We remember a challenge taken on by a sociology class of ours in college. See if you can make the professor lecture from the corner of the room with one leg in the wastebasket--that was the idea. We never did get her leg in the wastebasket, but by paying rapt attention whenever she approached the corner and by shuffling papers and losing interest whenever she departed from it, we had her far into that corner most of the time.
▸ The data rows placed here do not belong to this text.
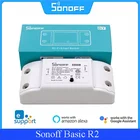 Умный переключатель Itead Sonoff Basic R2, беспроводной, Wi-Fi, дистанционное управление по времени, для Alexa, Google Home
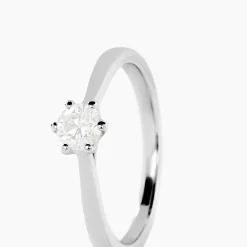 Bague Solitaire Athena Or Blanc Diamant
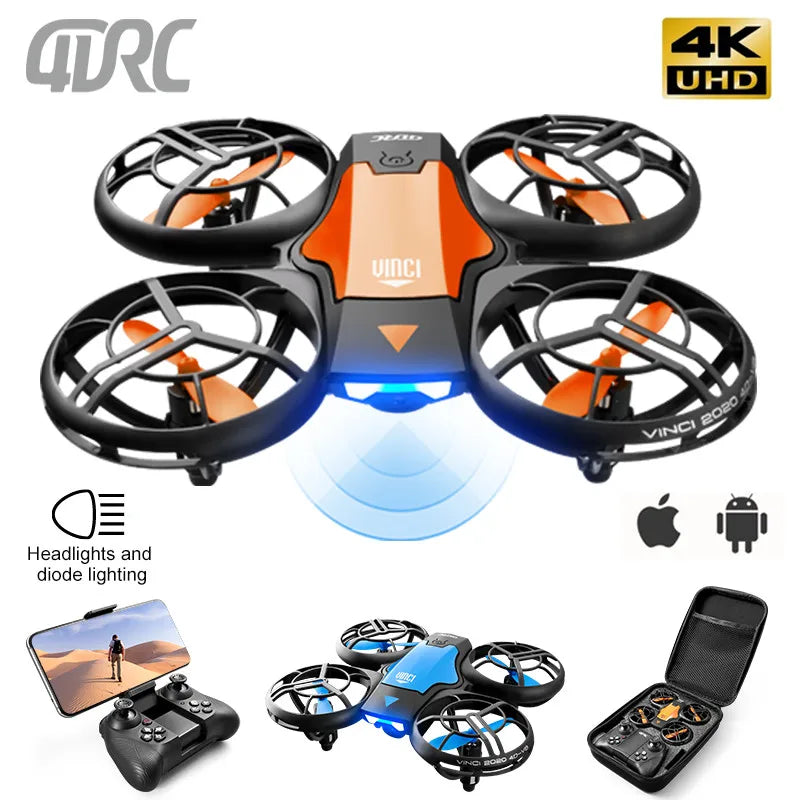 4DRC V8 Mini Drone 4k profession HD Wide Angle Camera 1080P WiFi fpv Dron Camera Height Keep Drones Camera RC Quadcopter Toys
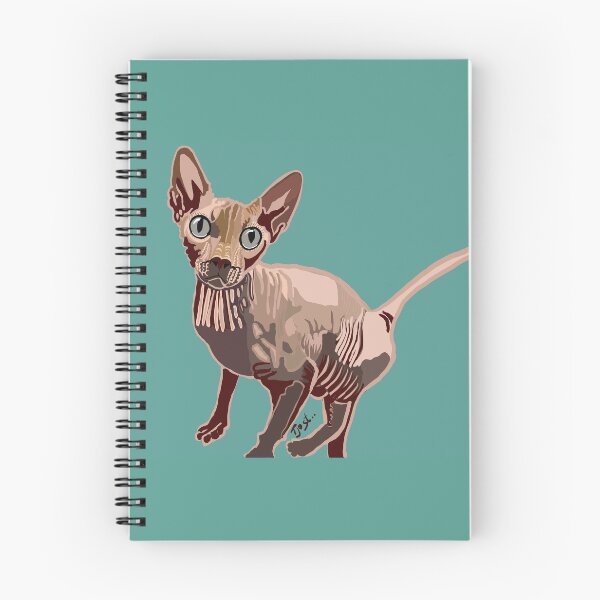 Item preview, Merlin the Sphynx Cat designed and sold by TinaJostDesigns.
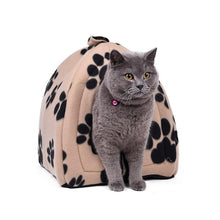 Load image into Gallery viewer, Paw Stripe Pet Bed House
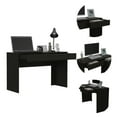 thumbnail image 5 of Black Wengue 2-Drawer Computer Desk, 5 of 8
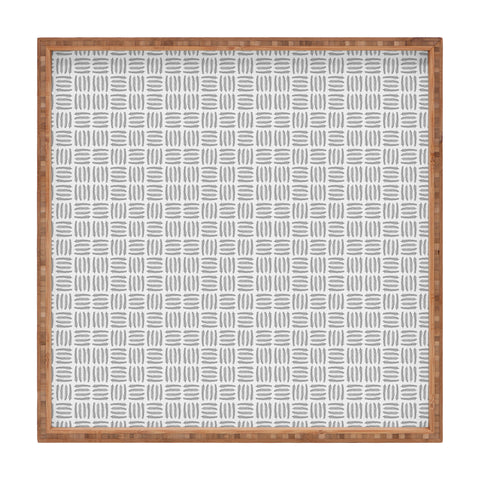Iveta Abolina Pine Needle Checker I Square Tray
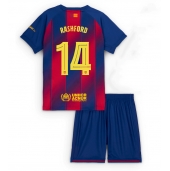 Barcelona Marcus Rashford #14 Thuis tenue Kids 2025-26 Korte Mouwen (+ broek)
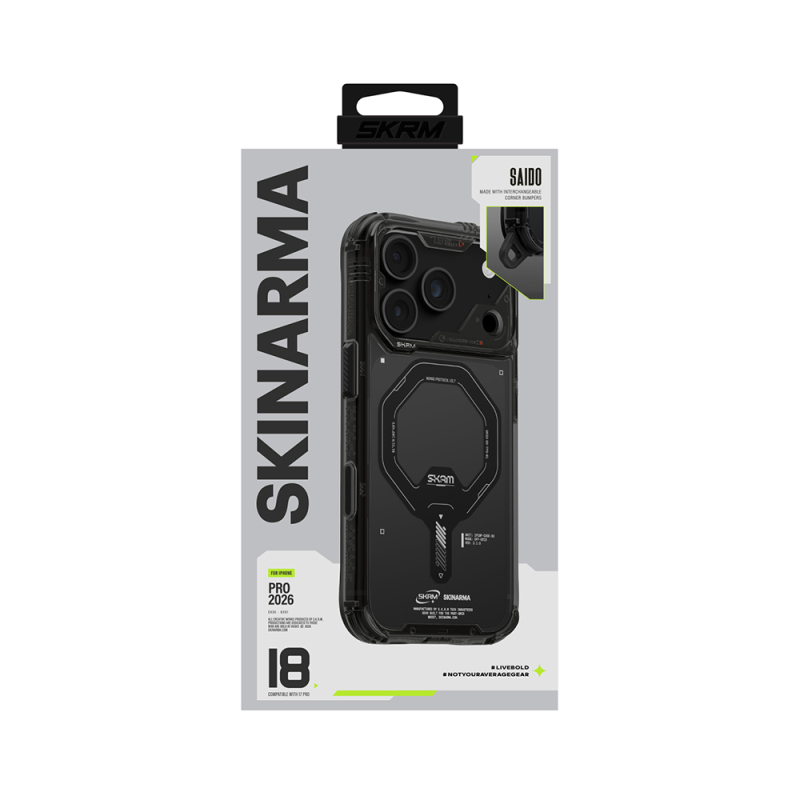 Apple iPhone 18 Pro Case with M-safe Charging Feature, Transparent Airbag Design, Skinarma Saido Mag-Charge Cover - 14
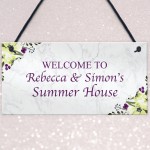 PERSONALISED Summer House Hanging Plaque Garden Shed Gifts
Don't these over-educated, over-reactive professionals know when they are being played?

Click on Image to Enlarge

Tuesday, February 5, 2008

New Directions at Scripps

Parody Alert, for the humor-challenged

This morning's post about the misapprehension by Scripps College Dean of Students Debra Wood concerning the "white party" hosted at Claremont McKenna put us in mind of another politically incorrect situation at Scripps last fall that fortunately was squelched before before seeing the light of day.

It seems the Public Information staff was working on a cover for the Fall number of Scripps Magazine, and was stumped on what sort of illustration to use. The Insider, through our usual habit of dumpster diving, found an early draft of the cover which arguably carries the theme "New Directions" even better than the one that was used, shown reduced in size at the left. We guess the first draft was a little too "out there" for the College that styles itself "The Women's College".

Never one to avoid a cheap shot, nor willing to avoid piling on when an institution is already making itself look silly, we disclose, for the first time, a worldwide exclusive, the original draft cover to the Fall, 2007, Scripps Magazine:

End Parody Alert.

Ms. Wood, you may now begin again taking seriously everything the Insider says.